The Stars Are Interesting Enough: Nearly every character you meet in the film is very distinct. Whether it is the womanizing Baird, the southern boy pushed into an unfamiliar genre with Hobie, DeeAnna being this Hollywood star with an accent which shows she is from some inner city, down to the actors with almost bit parts like Fiennes, who are only in the film for a few scenes, yet leave a lasting impression.
Channing Tatum’s Musical Number Was Awesome: Between the actual Hail, Caesar! Production and the few others we see, the only one which leaves you wanting more, and seems like something you may want to watch, is the musical Burt Gurney is in.
Jews vs.

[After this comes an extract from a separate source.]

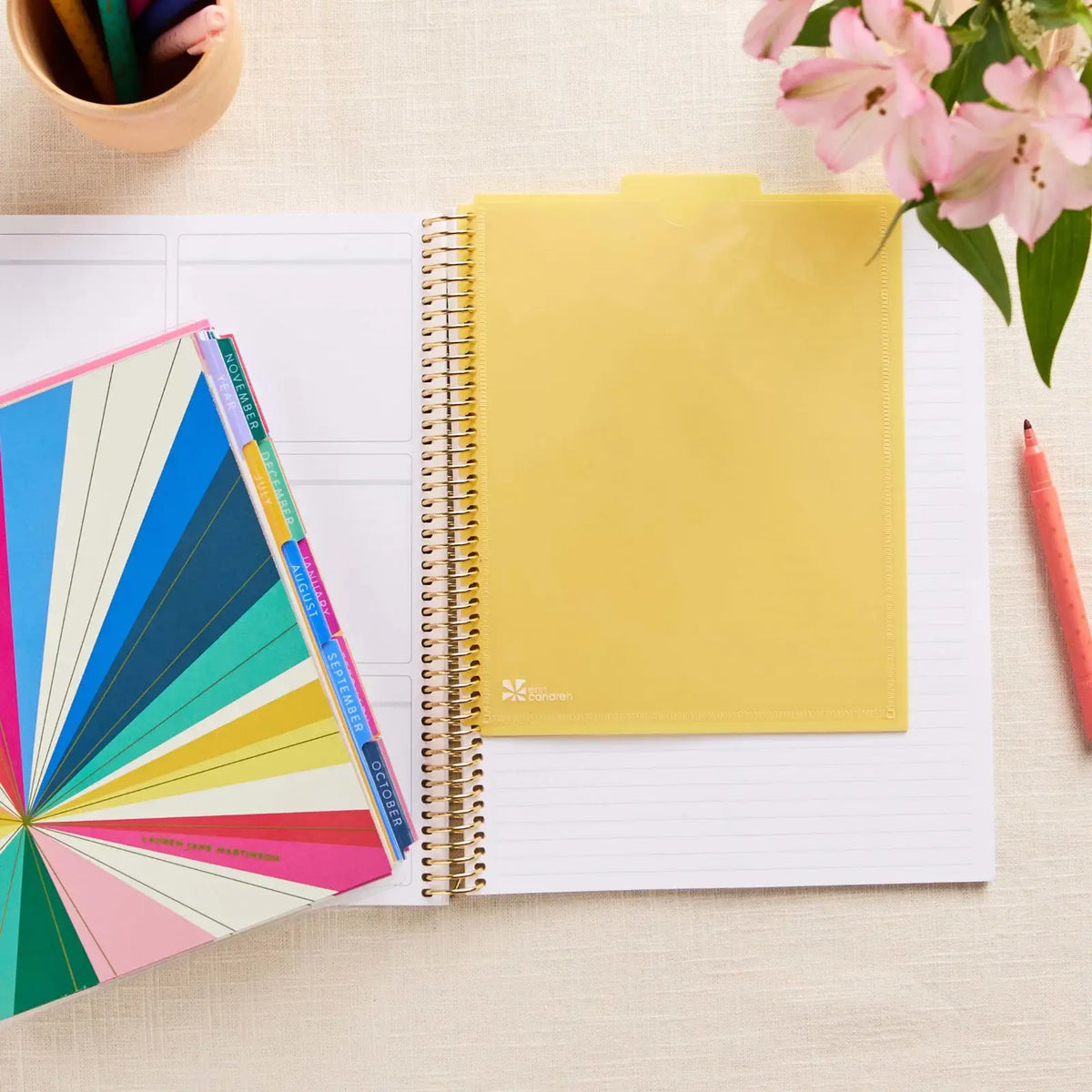Erin Condren snap-in dashboard: Yellow pocket dashboard snapped into an open book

Everyone Else: In Eddie’s pursuit of making Hail, Caesar! Not only the studio’s biggest production but attempt to make it historically accurate, he calls on multiple faiths in order to see if they approve of their depiction of Jesus. Something which leads to quite the interesting back and forth as the rabbi faces off with damn near everyone in terms of Jesus’ place within the grand scheme of religion.

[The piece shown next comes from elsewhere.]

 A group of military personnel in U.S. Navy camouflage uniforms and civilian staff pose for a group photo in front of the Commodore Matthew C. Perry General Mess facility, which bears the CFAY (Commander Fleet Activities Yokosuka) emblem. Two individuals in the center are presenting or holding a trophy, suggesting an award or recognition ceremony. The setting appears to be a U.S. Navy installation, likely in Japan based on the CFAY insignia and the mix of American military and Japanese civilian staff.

Big Ideas and Little People: A good portion of the time in the movie is dedicated to Baird’s kidnapping by the communist, which is mostly a group of writers, and unfortunately this leads to a huge amount of conversation about capitalism, communism, and how the studio system exploits all workers from the actors to the writers. Said conversation, I feel, while potentially interesting, isn’t presented in such a way that it would make you give a damn. Be it because all of the writers aren’t presented as much more than oddball stooges, or because the comedy nature of the film makes their whole argument for communism just eye roll inducing.
It’s Not That Funny: To me, this film has the feel of an indie movie, but with it having so many stars it presents the façade that it is mainstream. Which I note for this seems like the type of movie in which if you go to a New York theater, people will be laughing and just giggling up a storm. Meanwhile, you, the out of towner, are sitting there wondering what is funny? Not because you aren’t sophisticated or anything like that, but I think whatever style of would-be comedy here is so geared toward a niche audience, that while this is being treated as a regular old film, at its heart it is an indie motion picture.

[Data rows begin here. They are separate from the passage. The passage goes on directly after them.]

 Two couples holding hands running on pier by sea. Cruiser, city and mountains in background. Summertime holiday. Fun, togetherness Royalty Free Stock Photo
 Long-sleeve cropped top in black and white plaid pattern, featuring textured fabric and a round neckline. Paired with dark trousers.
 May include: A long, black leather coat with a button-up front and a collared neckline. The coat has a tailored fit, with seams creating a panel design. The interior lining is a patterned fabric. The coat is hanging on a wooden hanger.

A Lot of Famous Names with Very Little Screen Time: When it comes to the stars on the movie poster, prepare only for George Clooney, Josh Brolin, and Alden Ehreneich to be seen throughout. If you are watching this for anyone one else, prepare to see them in maybe 2-4 scenes at max, and for their part to ultimately just be a peg in the wheel. For, the way I see it, this movie seems more like their opportunity to work with the Coen Brothers than to really put on the type of performance to remember them. Much less one significant enough to be highlighted in their filmography.
Final Thought(s): Skip It
Some of the movies within this movie, like the repeatedly mention little musical that Burt Gurney stars in, are worth finding on YouTube, assuming it ever gets uploaded. However, for the most part this movie is quite boring and even in its pursuit of parody and perhaps presenting commentary on 1920s Hollywood, it never seems to have a point. Everyone talks to just talk, and even those you think should be taken seriously, you end up being the butt of the joke for you find out you was listening to an idiot.
Add on that damn near every star really only has a flash in the pan moment, and none of their storylines get firmly developed and concluded, and that is what derives a “Skip It” label. For this is one of those types of movies in which the trailer SUPREMELY made the film seem better than it is. So props to whoever edited that.